··· Study material ···
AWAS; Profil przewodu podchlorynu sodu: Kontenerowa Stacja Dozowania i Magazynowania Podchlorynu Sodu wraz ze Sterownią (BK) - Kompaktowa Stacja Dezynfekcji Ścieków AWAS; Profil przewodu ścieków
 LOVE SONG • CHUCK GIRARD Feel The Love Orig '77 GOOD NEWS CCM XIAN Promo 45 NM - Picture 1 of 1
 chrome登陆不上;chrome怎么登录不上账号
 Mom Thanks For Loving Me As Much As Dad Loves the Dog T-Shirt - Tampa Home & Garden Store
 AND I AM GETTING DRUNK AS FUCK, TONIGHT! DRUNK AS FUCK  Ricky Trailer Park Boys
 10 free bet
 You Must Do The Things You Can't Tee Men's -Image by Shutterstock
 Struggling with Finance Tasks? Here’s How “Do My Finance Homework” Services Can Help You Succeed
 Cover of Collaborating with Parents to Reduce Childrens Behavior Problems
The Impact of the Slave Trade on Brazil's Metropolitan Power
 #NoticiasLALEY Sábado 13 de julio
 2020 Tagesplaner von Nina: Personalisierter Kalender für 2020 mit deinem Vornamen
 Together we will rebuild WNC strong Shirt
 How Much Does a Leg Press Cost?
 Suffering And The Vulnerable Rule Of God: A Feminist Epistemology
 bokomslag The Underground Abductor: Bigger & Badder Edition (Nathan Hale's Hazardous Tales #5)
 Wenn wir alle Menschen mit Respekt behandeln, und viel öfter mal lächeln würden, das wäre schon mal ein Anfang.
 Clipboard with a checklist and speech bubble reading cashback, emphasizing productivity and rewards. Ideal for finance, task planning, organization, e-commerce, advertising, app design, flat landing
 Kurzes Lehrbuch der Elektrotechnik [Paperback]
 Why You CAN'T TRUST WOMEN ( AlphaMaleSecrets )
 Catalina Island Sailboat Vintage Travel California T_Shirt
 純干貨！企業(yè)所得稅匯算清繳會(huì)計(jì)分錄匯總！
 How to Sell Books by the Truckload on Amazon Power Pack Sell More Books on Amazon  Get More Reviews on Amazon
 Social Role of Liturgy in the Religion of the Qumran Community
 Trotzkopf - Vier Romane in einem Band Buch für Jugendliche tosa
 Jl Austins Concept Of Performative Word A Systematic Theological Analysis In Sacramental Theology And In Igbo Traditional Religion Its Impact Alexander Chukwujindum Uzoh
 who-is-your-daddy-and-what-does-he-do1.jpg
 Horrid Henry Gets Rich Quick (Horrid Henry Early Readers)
···
Exercise details: Output the lines of the records above exactly as they appear, from the line containing "10 free bet" through the line containing "Together we will rebuild WNC strong Shirt".

Written response:
 10 free bet
 You Must Do The Things You Can't Tee Men's -Image by Shutterstock
 Struggling with Finance Tasks? Here’s How “Do My Finance Homework” Services Can Help You Succeed
 Cover of Collaborating with Parents to Reduce Childrens Behavior Problems
The Impact of the Slave Trade on Brazil's Metropolitan Power
 #NoticiasLALEY Sábado 13 de julio
 2020 Tagesplaner von Nina: Personalisierter Kalender für 2020 mit deinem Vornamen
 Together we will rebuild WNC strong Shirt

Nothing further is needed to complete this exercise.